I know this because I remember my husband holding my hand and reading to me and telling me silly stories, when I was too ill to walk or talk, and too ill to let him know that I knew he was there except by squeezing his hand. Even then I sometimes thought I was speaking or squeezing his hand but all of that just happened in my head and poor Ben had to keep going, not knowing that where I was, I was interacting with him…

The other thing that stands out for me is prayer. Last year I spoke at length with a young man who had crossed over after he had suffered a violent and traumatic death. The dead man’s mother had prayed for him, regularly and often in the time after his death, and the young man told me that he felt every one of those prayers and the prayers helped him come to a good place in himself and to be calm and resolved.

Prayers are heard by those who have crossed over. Please be assured of that.

We can never begin to understand all that happens within a person, in the place that we cannot reach. That is part of the enduring mystery of life.

One thing I do know.

Love matters. Kindness matters. Compassion matters.

It may not feel like these gifts are enough for your loved ones, when all you want to do is restore them to themselves and take their suffering away. So you see, your loved one is teaching you too. Giving you the opportunity to learn new things. Growing you in ways you might not have imagined.

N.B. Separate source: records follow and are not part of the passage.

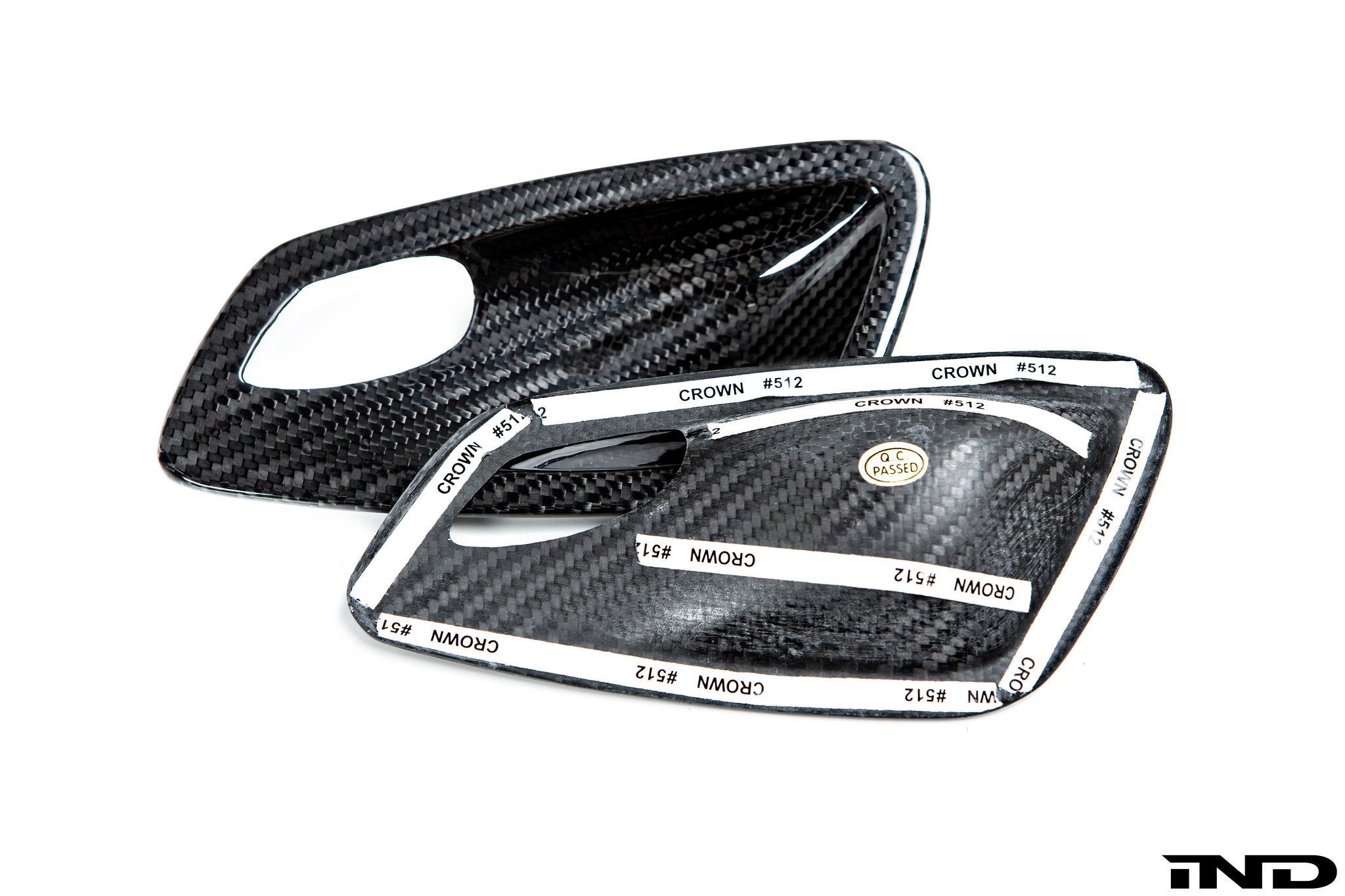 Autotecknic E92 / E93 M3 Dry Carbon Interior Door Handle Trim Set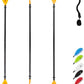OCEANBROAD Kayak Paddle 86in/218cm, 90.5in/230cm, 95in/241cm Alloy Shaft Kayaking Boating Canoeing Oar with Paddle Leash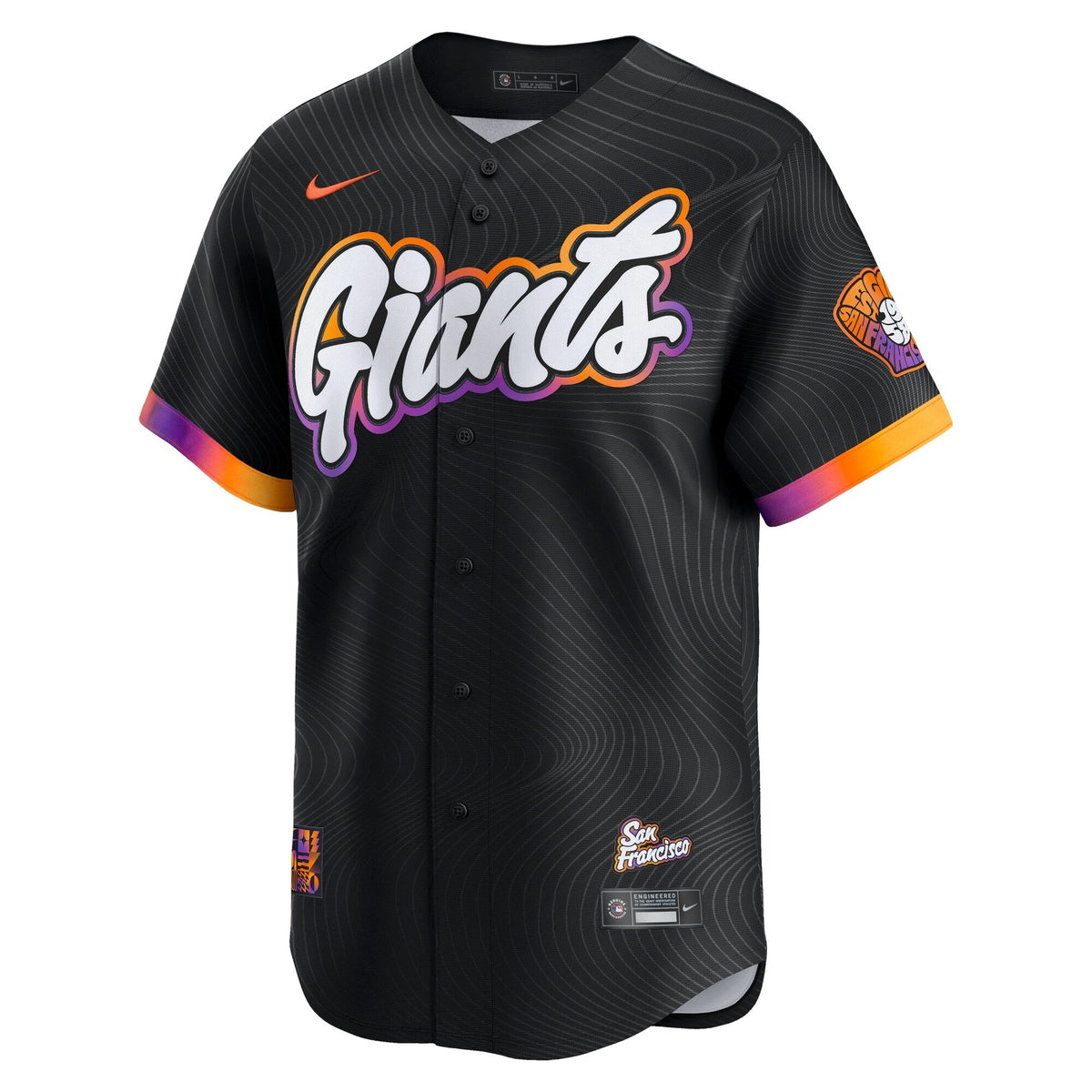 San Francisco Giants Anthracite 2025 City Connect Limited Baseball Jersey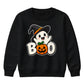 Delightful witch hat ghost boo Halloween Kids Sweatshirt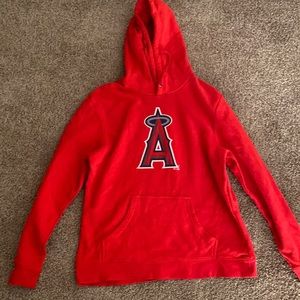 Los Angeles Angels sweat shirt hoodie size L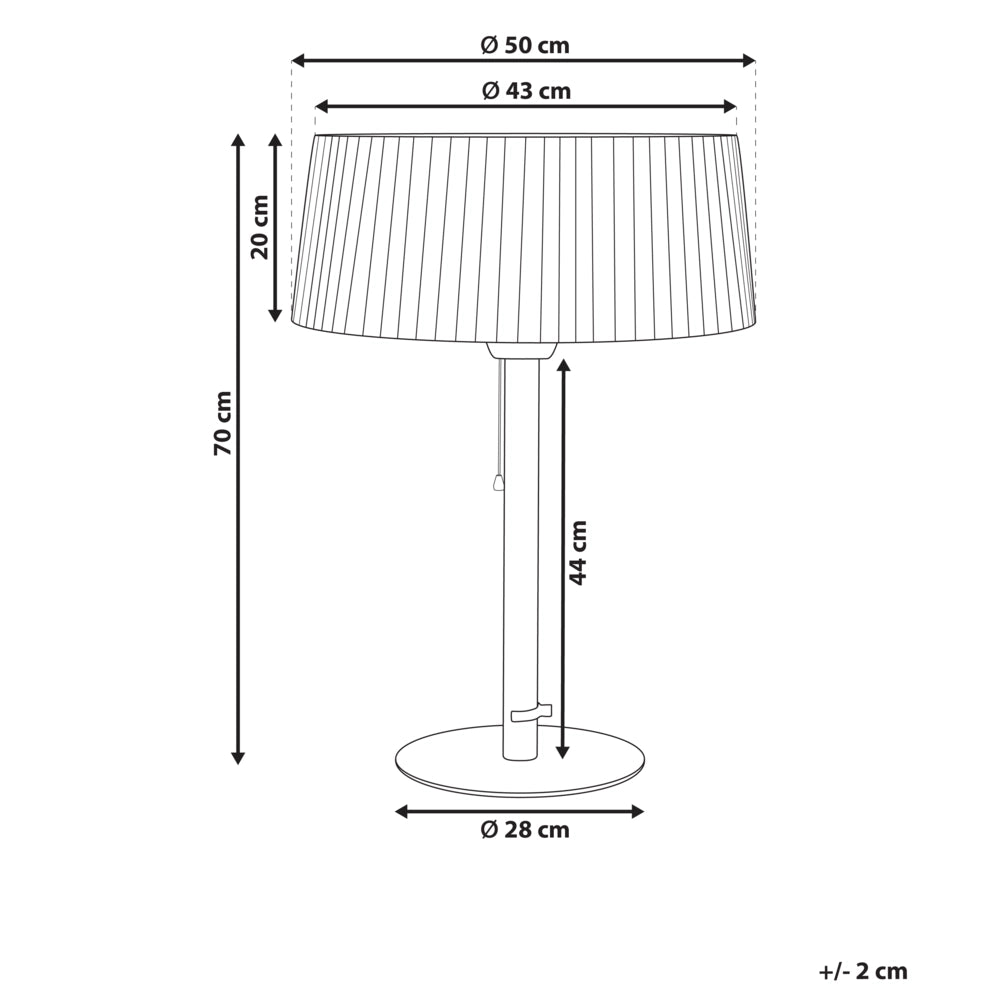 Riscaldatore elettrico per patio in acciaio grigio alogeno portatile moderno 1500 W Giardino Patio Accessori esterni
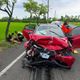 台南嚴重對撞車禍！車頭全爛1命危2傷　車內搜出毒品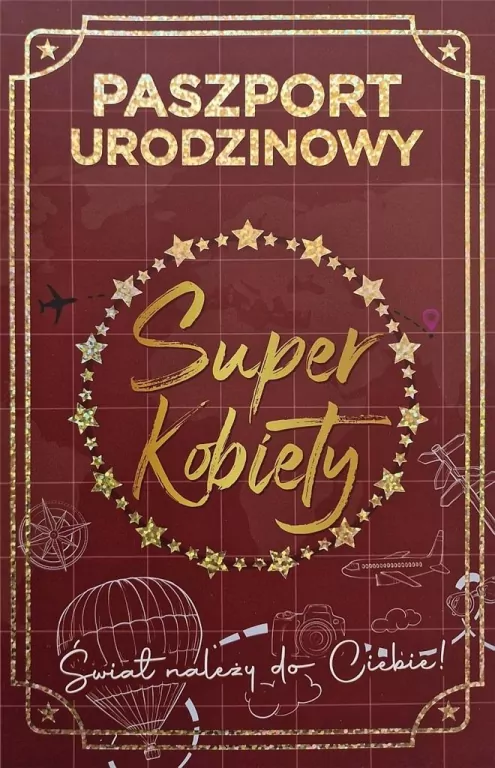 Karnet Urodziny Nowy paszport damskie - tantis.pl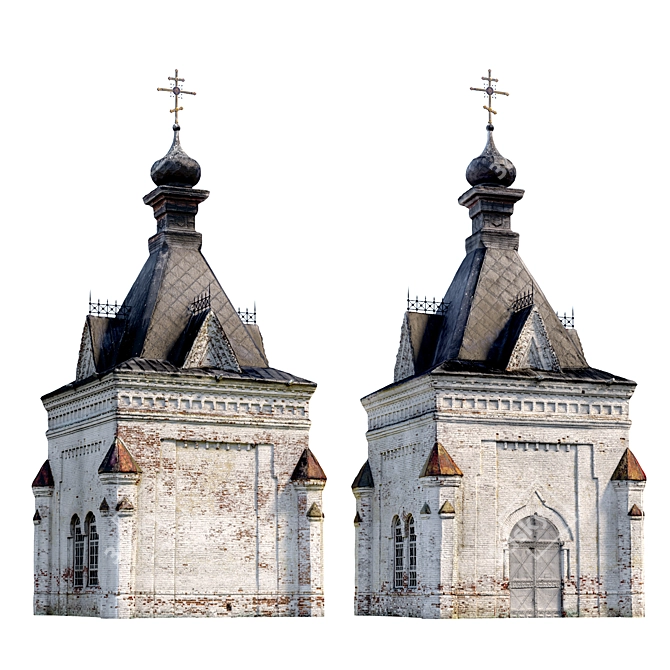 19th Century Alexander Chapel - Detailed 3D Model 3D model image 7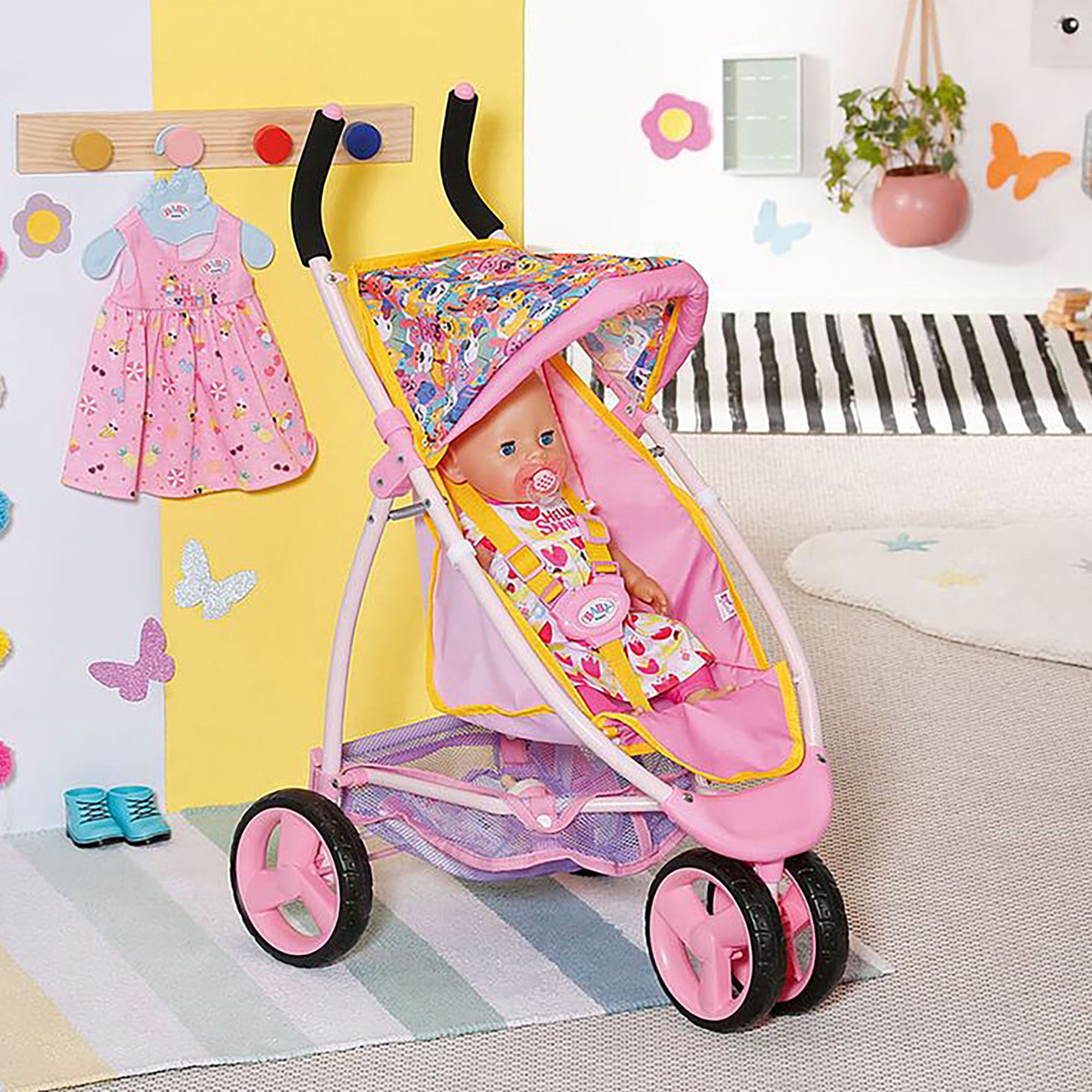 Baby born store doll pram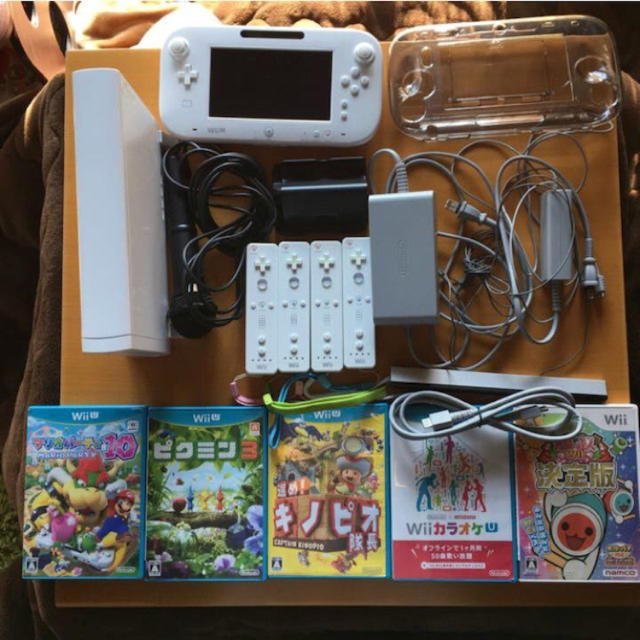 Wii U(ウィーユー)のsinnzi様専用 延長保証 2018年7月まで WiiU豪華セット エンタメ/ホビーのゲームソフト/ゲーム機本体(家庭用ゲーム機本体)の商品写真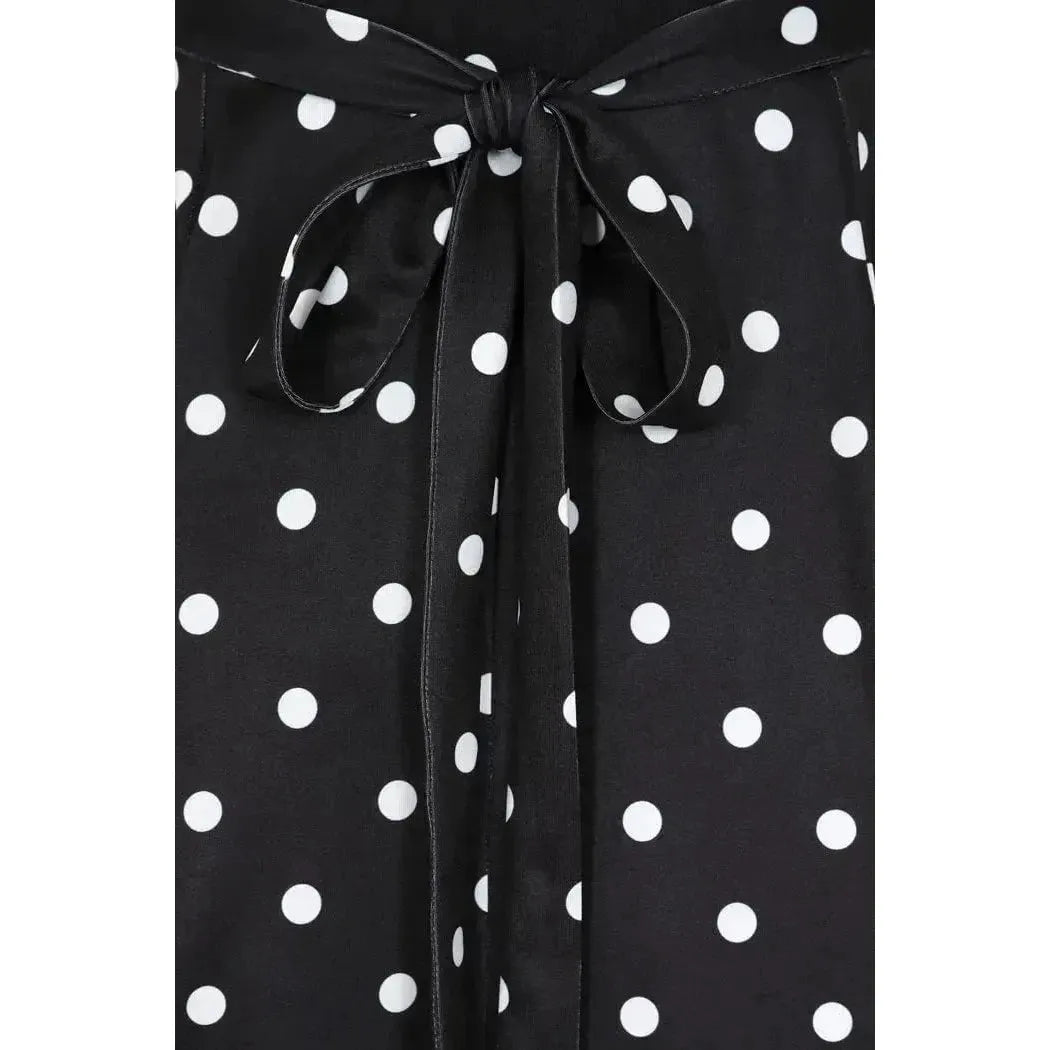 Lyra Dress - Black Polka Dot Lady Vintage Lyra Dresses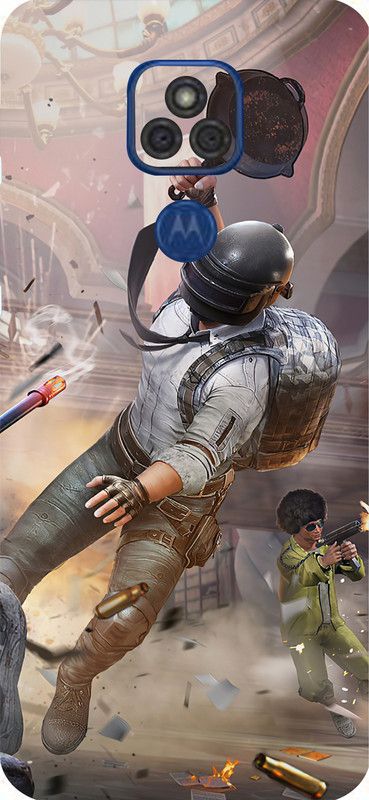 Mclaxa Pubg Hero Mobile Back Skin and wraps, Pubg Hero, MOTO E7 Plnal Emblemus Mobile Skin  (Pubg Hero Super Matte Finish)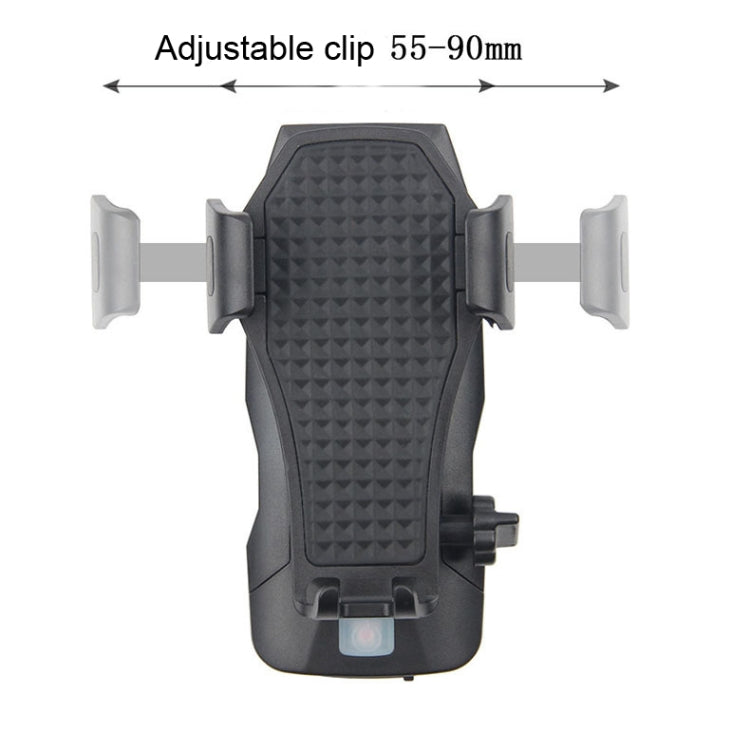 500LM Bicycle Light Mobile Phone Holder Multi-Function Riding Front Light With Horn, 4000 mAh (Black), 4000 mAh (Black Red), 4000 mAh (Black Blue), 4000 mAh (Black Orange), 2400 mAh (Black Red), 2400 mAh (Black Blue), 2400 mAh (Black Orange)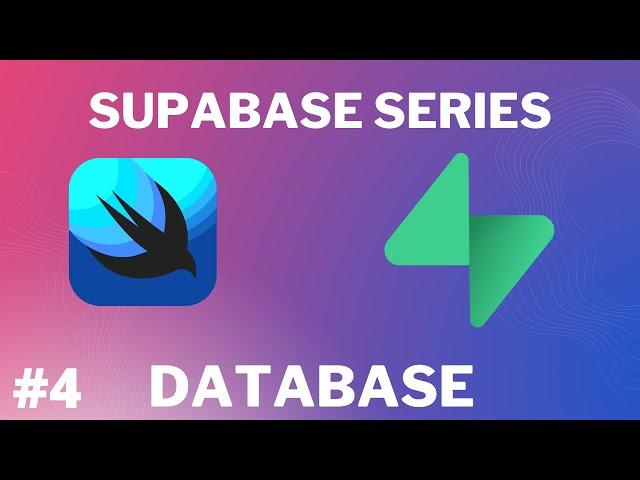 Fetch & Insert with Supabase Database | Supabase Swift Series #4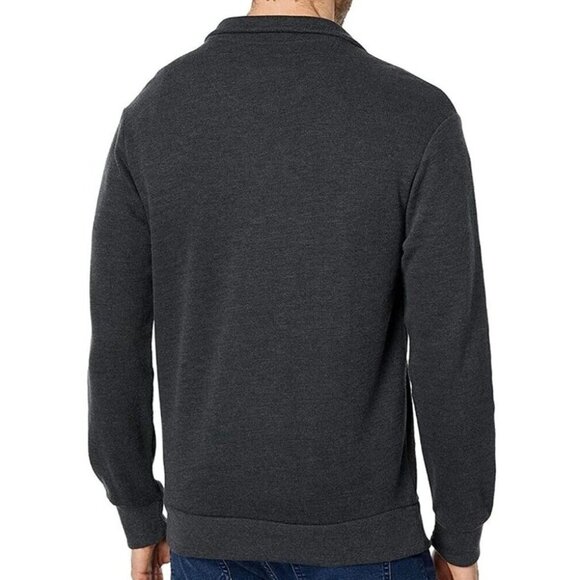 U.S. POLO ASSN Men  Quarter Zip Pullover Sweater Top Black Size 2XL - Picture 2 of 12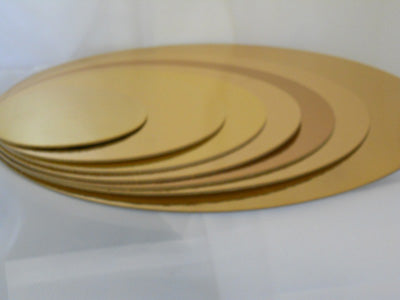 Plateau de carton rond 7" - 60 pts doré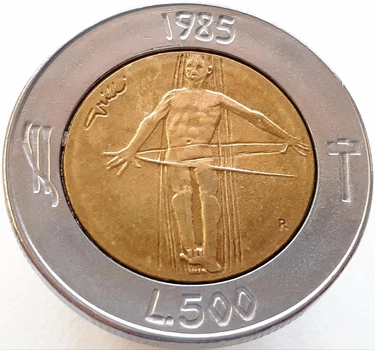 Монета Сан-Маріно 500 лір 1985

All of life is a beautiful lesson, where we are sometimes the student, sometimes the teacher, and often both at once.

Keep loving. Be love. Be your loved one’s advocate, and their voice when they have none. If you cannot be with them, send them kind and loving thoughts. Talk to them in your head, which is, after all, a kind of prayer. Trust that there is a part of them that will hear you.

Love your family and friends, no matter what. They are not their illness. They are not their behaviour. They are not just what’s visible to you. They are souls, who will endure and keep shining, just as you are. So live from love. That’s how we connect. That’s the most important thing of all.